**What is needed**. Copy exactly, beginning with the line holding "Foto 12 van" and ending with the final line of the data beneath this task; copy nothing else, and leave out every picture.

*** Raw data ***

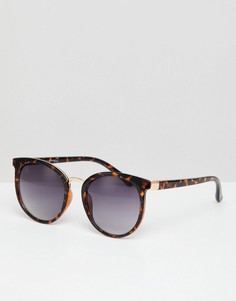 Круглые солнцезащитные очки в черепаховой оправе Jeepers Peepers - Коричневый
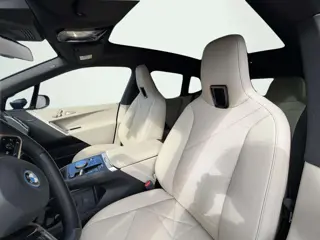 Foto 12 van BMW IX xDrive50 Executive 112 kWh | SOH 96% | Panoramadak | Harman Kardon | Memory Seats | Trekhaak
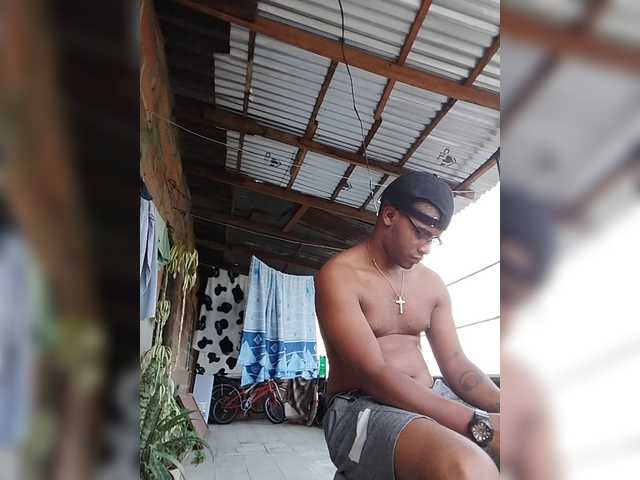 Marcoandluna live cam on BongaCams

*** End of Raw data ***

**Worked solution**.
 Foto 12 van BMW IX xDrive50 Executive 112 kWh | SOH 96% | Panoramadak | Harman Kardon | Memory Seats | Trekhaak
 Marcoandluna live cam on BongaCams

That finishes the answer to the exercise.